The 250-to-177 vote in the House came five days after the Senate passed the bill, 61 to 36.
The bill, named for Lilly M. Ledbetter, a longtime supervisor at a Goodyear tire plant in Alabama, would make it easier for workers to win lawsuits claiming pay discrimination based on sex, race, religion, national origin, age or disability.
Ms. Ledbetter became a champion of women’s rights and an outspoken supporter of Mr. Obama after the Supreme Court, in a 5-to-4 decision in 2007, rejected her lawsuit against Goodyear.
A jury had found that the company paid Ms. Ledbetter less than male supervisors, in violation of Title VII of the Civil Rights Act of 1964. The Supreme Court did not deny that she had suffered discrimination, but said she should have filed her claim within 180 days of “the alleged unlawful employment practice” — the initial decision to pay her less than men.
The bill would relax the statute of limitations, making clear that each new paycheck is a violation of the law if it results “in whole or in part” from a discriminatory pay decision made in the past.
As a senator from Illinois, Mr. Obama supported the bill, and he danced with Ms. Ledbetter last week at one of the inaugural balls. By contrast, President George W. Bush had threatened to veto the bill, saying it would encourage a flood of lawsuits by workers asserting “stale claims.”
The chief sponsor of the bill, Senator Barbara A. Mikulski, Democrat of Maryland, offered this advice to employers: “If you don’t want to be sued, don’t discriminate.”
Votes on the Ledbetter bill generally followed party lines. In the House, three Republicans voted for it, and five Democrats voted against it. In the Senate, five Republicans voted for the bill, and no Democrats opposed it.
Speaker Nancy Pelosi said passage of the bill was “quite a joyful occasion.”
It was the second time in four months that Congress has rejected restrictive interpretations of civil rights laws by the Supreme Court.
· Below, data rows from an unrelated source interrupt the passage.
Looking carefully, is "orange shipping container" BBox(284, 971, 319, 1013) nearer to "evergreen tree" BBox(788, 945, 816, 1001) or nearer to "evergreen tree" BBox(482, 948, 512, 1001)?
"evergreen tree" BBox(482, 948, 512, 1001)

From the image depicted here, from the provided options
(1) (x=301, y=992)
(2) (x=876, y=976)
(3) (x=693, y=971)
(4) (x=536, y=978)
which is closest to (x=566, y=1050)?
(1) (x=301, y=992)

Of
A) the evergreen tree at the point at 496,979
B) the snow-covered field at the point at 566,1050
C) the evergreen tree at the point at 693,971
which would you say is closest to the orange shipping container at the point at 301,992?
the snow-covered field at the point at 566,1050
In September, Congress repudiated several rulings that had undercut the Americans With Disabilities Act.
The bill passed Tuesday says that the Supreme Court, in the Ledbetter case, undermined statutory protections that have been “bedrock principles of American law for decades.”
Representative George Miller, Democrat of California, said, “The Supreme Court decided to commit legal jujitsu to satisfy a narrow ideological agenda.” Under the Ledbetter ruling, Mr. Miller said, employers can escape responsibility for pay discrimination if they “keep it hidden for the first 180 days.”
Republicans said the bill was unfair to employers. They will be exposed to “decades-old discrimination claims that they have no ability to defend,” said Representative John Kline, Republican of Minnesota.
Representative Howard P. McKeon, Republican of California, said businesses could be held liable “even if the individual responsible for the alleged discrimination is no longer with the company, or perhaps not even living.”
Democrats said that, in many cases, women did not realize they were being paid less than men until years after the discrimination began. At many companies, they said, workers do not openly discuss their salaries, and pay disparities grow gradually over many years.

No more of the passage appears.